The 2017 law changed the federal tax code to give corporations an incentive to bring money they earned overseas back to the U.S. Previously, the tax penalty was so high that companies often chose to reinvest money overseas to avoid more taxes. It also cut the corporate tax from 35 to 21 percent, generating a corporate windfall that Republicans said companies would reinvest in their workers.
Some experts argue buybacks are a good use of funds because if companies have too much cash on hand, they are more likely to spend it on risky ventures. Others, however, say stock buybacks disproportionately benefit company executives and wealthy shareholders.
The National Association for Business Economics survey showed some companies did use the repatriated earnings for new investments in the U.S.
Kevin Swift, the chief economist of the American Chemistry Council, and one of the experts who worked on the report, argued that the tax cuts, combined with low interest rates, made investments a smart business decision for goods producers.
Federal data of nonresidential fixed investment, which includes corporate purchases of equipment and software across all U.S. companies, grew at a rate of 1.47 percent and 1.15 percent, respectively, in the first two quarters of 2018. The gains were slightly higher than in the same quarters a year earlier. Investments increased 1.20 percent and 0.94 percent in the first and second quarter of 2017, according to the Bureau of Economic Analysis.

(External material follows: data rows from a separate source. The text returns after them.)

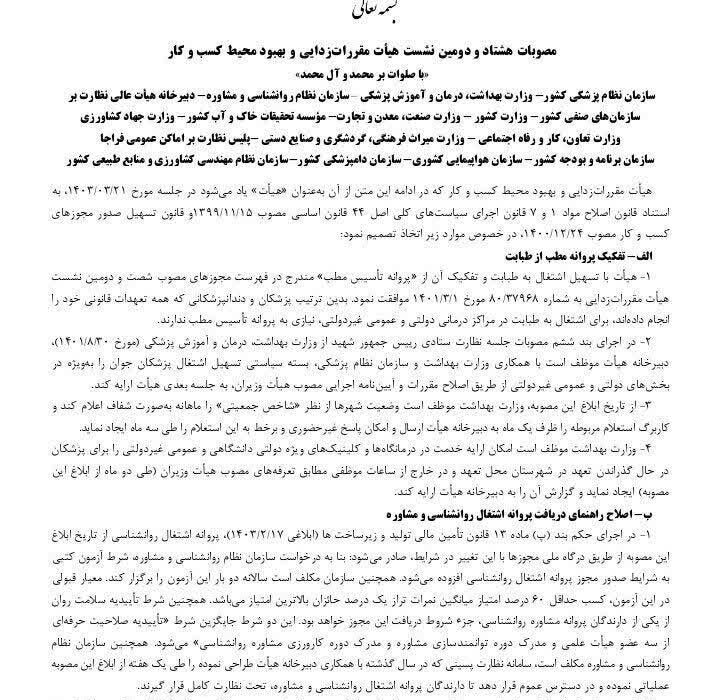 مصوبات جلسه هشتاد و دوم هیات مقررات زدایی و بهبود کسب و کار لغو شد!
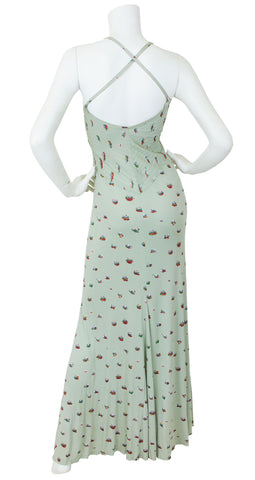 1970s Green Floral Cross-Back Maxi Dress by Gianni Versace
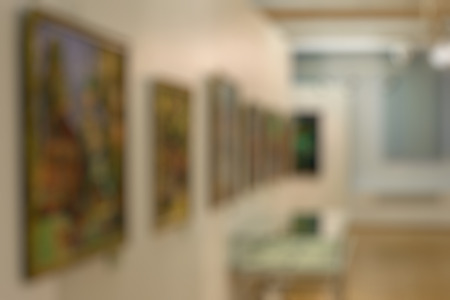 Blur picture of art gallery, using for background.の写真素材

“It has worked even better than we expected when we drew it up,” said Stephen Moore, who served as an economic adviser to the 2016 Trump campaign.
Moore also argued that the National Association for Business Economics’ survey questions were too narrow because business leaders rarely attribute their decisions to any one factor.
“But at the margin, when you make it financially attractive to purchase a new truck or invest more in a new company and reduce taxes on that, if you reduce the cost, you are going to get a bigger demand for these things,” Moore said.
Yet the survey findings suggest most companies prioritized stock buybacks over making new investments and hiring more workers.
And there is growing evidence that the tax law’s positive impacts are wearing off.
Nonresidential fixed investment increased only 0.35 percent in the third quarter, a drop from the 1.15 percent increase in the previous three months.
In the first half of 2018, the tax cuts also appeared to boost the nation’s GDP, which Republicans say would buttress the broader economy and lead to more job creation.
According to the Congressional Budget Office, growth is expected to slow this year. The CBO reported today that it expects the U.S. economy to expand 2.3 percent in 2019, down from 3.1 percent last year. The government report attributed the drop to the waning effects of the tax law as well as an expected decline in federal spending at the end of the year.
It is also possible that the effects the tax cuts had on the goods-producing sector, which appears to have seen the largest benefits, could “taper off” in 2019 because of the Trump administration’s trade policies, said Sara Rutledge, a managing director at StratoDem Analytics who also worked on the report.
Seventy-seven percent of all respondents said uncertainty over U.S. trade policy was not affecting their businesses. The “goods-producing” companies were the exception.
About 36 percent of mining, coal and other “goods-producing” companies said they are raising prices in response to U.S. trade policy, 27 percent are delaying investments, and 9 percent said they are delaying hiring, according to the survey. Only 27 percent said there was no change to hiring or investments because of the trade issues.
Tax cuts aside, the National Association for Business Economics survey found businesses are cautiously optimistic about the coming year. The majority of respondents said they expect economic growth to continue at a rate of between 2 percent and 3 percent through the end of 2019, although the number was lower than in previous months.